On the other hand, a common noun referring to the nature of dictionary was replaced by another word, 'jibiki.'
In modern times, the setsuyoshu has been utilized in the field of Japanese philology (linguistics) for the purpose of acquiring the knowledge about uses of kanji, such as writing, reading, forms and usage of kanji. It also gives information about the difference in reading and meaning between the entries and modern words. The appendixes also help us to speculate on the way of life in those days.
It used to be believed that the origin of the word, 'setsuyo' had been a phrase, 'Yo wo setsushi hito wo aisu' (meaning economy in the use of resources and affection for the people) in XueEr of "Lun-yu"(Analects of Confucius).
However, there is also another theory that the word was derived from 'setsuyo' (meaning everyday and everywhere use), which defined in "Shiki" (also known as Shiji, the Chinese Historical Records).

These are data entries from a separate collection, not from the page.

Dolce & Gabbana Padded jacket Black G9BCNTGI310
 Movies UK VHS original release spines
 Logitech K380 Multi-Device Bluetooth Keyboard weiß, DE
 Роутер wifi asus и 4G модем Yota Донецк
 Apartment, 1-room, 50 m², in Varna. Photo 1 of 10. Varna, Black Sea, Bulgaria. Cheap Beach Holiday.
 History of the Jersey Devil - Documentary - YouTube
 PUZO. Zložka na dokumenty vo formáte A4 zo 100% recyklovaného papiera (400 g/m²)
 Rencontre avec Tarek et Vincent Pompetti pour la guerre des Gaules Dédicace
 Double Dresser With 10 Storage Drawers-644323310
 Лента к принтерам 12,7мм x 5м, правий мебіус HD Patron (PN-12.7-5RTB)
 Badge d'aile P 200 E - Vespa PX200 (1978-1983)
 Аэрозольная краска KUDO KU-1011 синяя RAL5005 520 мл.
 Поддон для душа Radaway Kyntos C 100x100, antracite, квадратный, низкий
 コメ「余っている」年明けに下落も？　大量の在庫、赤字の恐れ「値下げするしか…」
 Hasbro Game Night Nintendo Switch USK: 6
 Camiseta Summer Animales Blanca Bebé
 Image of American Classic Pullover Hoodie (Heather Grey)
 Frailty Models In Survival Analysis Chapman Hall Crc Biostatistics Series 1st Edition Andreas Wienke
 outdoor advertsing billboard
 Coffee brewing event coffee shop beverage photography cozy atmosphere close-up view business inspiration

In the 15th century, a book in the form of 'Jibiki' developed in Japan. For example, "Kagaku-shu" (published around 1444) was a glossary in which the words were classified according to their meanings. Chinese verse dictionary, "Ruibun in'ryaku" was a kanji character dictionary (Chinese dictionary arranged by finals) in which the words were classified based on their rhymes of Japanese pronunciation of kanji. The method of collating words according to their first syllable with semantic subdivisions had been established as early as at the end of the Heian period (during the period of government by the retired Emperor) as represented by "Irohajiru sho" (one of Japanese dictionaries in the Heian period) and its supposedly enlarged edition, "Irohajirui-sho" (a dictionary written by Tadakane TACHIBANA in Heian period). "Setsuyoshu" was established in line with these trends. Despite the original author being unknown, it had been established through subsequent corrections to the original. Probably because the combination of the classifications in iroha order and by categories had been useful, the setsuyoshu began to circulate widely in contrast to other dictionaries, such as "Onkochishinsho" (in which the words were classified in Japanese alphabetical order or aiueo order and subclassified by categories) published in 1484 or "Kagaku-shu" (a Japanese dictionary made in the Muromachi period).
The setsuyoshu published during the Muromachi period through the early Edo period was called 'Kohon setsuyoshu.'
The printed editions included Bunmeibon (edition in Bunmei era, compiled in 1474), Kuromotobon (literally, edition of black book), Tensho 18 nen bon (edition in 1590), Manjuyabon (literally, manju [bun stuffed with azuki-bean paste] shop edition) and Ekirinbon (edition compiled by Ekirin). The oldest of these was the Bunmeibon, which fact indicates that setsuyoshu had been formed during the term from 1444, which was the estimated year of establishment of "Kagaku-shu," to 1474, which was the year of establishment of the Bunmeibon.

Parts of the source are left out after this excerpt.